Skip to: Description  ·  Claims  · Patent History  ·  Patent History
Description
BACKGROUND

Some operating systems designed for personal computers (including laptop/notebook computers and handheld computing devices, as well as desktop computers) have a full-text search system that allows a user to search for selected word or words in the text of documents stored in the personal computer. Some full-text search systems include an indexing sub-system that basically inspects documents stored in the personal computer and stores each word of the document in an index so that a user may perform indexed searches using key words. This indexing process is a central processing unit (CPU) and is input/output (I/O) intensive. Thus, if a user wishes to perform another activity while the indexing process is being performed, the user will typically experience delays in processing of this activity, which tends to adversely impact the “user-experience”.

One approach to minimizing delays in responding to user activity during the indexing process is to pause the indexing when user activity is detected. The full-text search system can include logic to detect user activity and “predict” when the user activity has finished (or idle period) so that the indexing process can be restarted. When user activity is detected, the indexing process can be paused, but typically there is still a delay as the indexing process transitions to the paused state (e.g., to complete an operation or task that is currently being performed as part of the indexing process). Further, if a prediction of an idle period is incorrect, the indexing process will cause the aforementioned delays that can degrade user experience. Still further, the logic used to detect user activity and idle periods increases the complexity of the full-text search system and consumes CPU resources. Although some shortcomings of conventional systems are discussed, this background information is not intended to identify problems that must be addressed by the claimed subject matter.

SUMMARY

This summary is provided to introduce a selection of concepts in a simplified form that are further described below in the Detailed Description Section. This summary is not intended to identify key features or essential features of the claimed subject matter, nor is it intended to be used as an aid in determining the scope of the claimed subject matter.
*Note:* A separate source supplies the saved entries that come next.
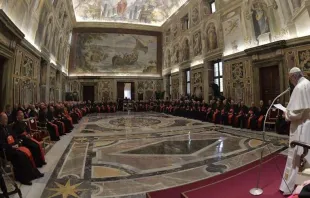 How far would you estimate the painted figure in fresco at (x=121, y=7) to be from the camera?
23.0 m

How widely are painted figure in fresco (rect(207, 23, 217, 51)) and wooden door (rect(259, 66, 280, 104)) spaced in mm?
4668

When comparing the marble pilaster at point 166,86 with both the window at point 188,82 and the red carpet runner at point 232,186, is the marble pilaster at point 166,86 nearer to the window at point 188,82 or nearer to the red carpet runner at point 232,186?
the window at point 188,82

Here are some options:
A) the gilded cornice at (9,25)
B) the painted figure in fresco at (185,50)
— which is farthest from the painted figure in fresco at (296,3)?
the gilded cornice at (9,25)

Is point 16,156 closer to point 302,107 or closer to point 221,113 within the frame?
point 302,107

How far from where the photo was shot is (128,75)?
25.0 m

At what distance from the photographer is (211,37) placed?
1531 cm

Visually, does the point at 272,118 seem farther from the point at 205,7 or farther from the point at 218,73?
the point at 205,7

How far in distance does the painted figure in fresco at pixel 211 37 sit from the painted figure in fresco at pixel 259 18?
12.4ft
According to aspects of various described embodiments, indexing documents is performed using low priority I/O requests. This aspect can be implemented in systems having an operating system that supports at least two priority levels for I/O requests to its filing system. In some implementations, low priority I/O requests are used for accessing documents to be indexed and for writing information into the index, while higher priority requests are used for I/O requests to access the index in response to queries from a user. Also, in some implementations, I/O request priority can be set on a per-thread basis as opposed to being set on a per-process basis (which may generate two or more threads for which it may be desirable to assign different priorities).

Embodiments may be implemented as a computer process, a computer system (including mobile handheld computing devices) or as an article of manufacture such as a computer program product. The computer program product may be a computer storage medium readable by a computer system and encoding a computer program of instructions for executing a computer process. The computer program product may also be a propagated signal on a carrier readable by a computing system and encoding a computer program of instructions for executing a computer process.

BRIEF DESCRIPTION OF THE DRAWINGS

Non-limiting and non-exhaustive embodiments are described with reference to the following figures, wherein like reference numerals refer to like parts throughout the various views unless otherwise specified.

FIG. 1 is a diagram illustrating an exemplary system with a search/indexing process and a file system supporting high and low priority I/O requests, according to one embodiment.

FIG. 2 is a diagram illustrating an exemplary searching/indexing system, according to one embodiment.

FIG. 3 is a flow diagram illustrating operational flow of an indexing process in sending I/O requests to a file system, according to one embodiment.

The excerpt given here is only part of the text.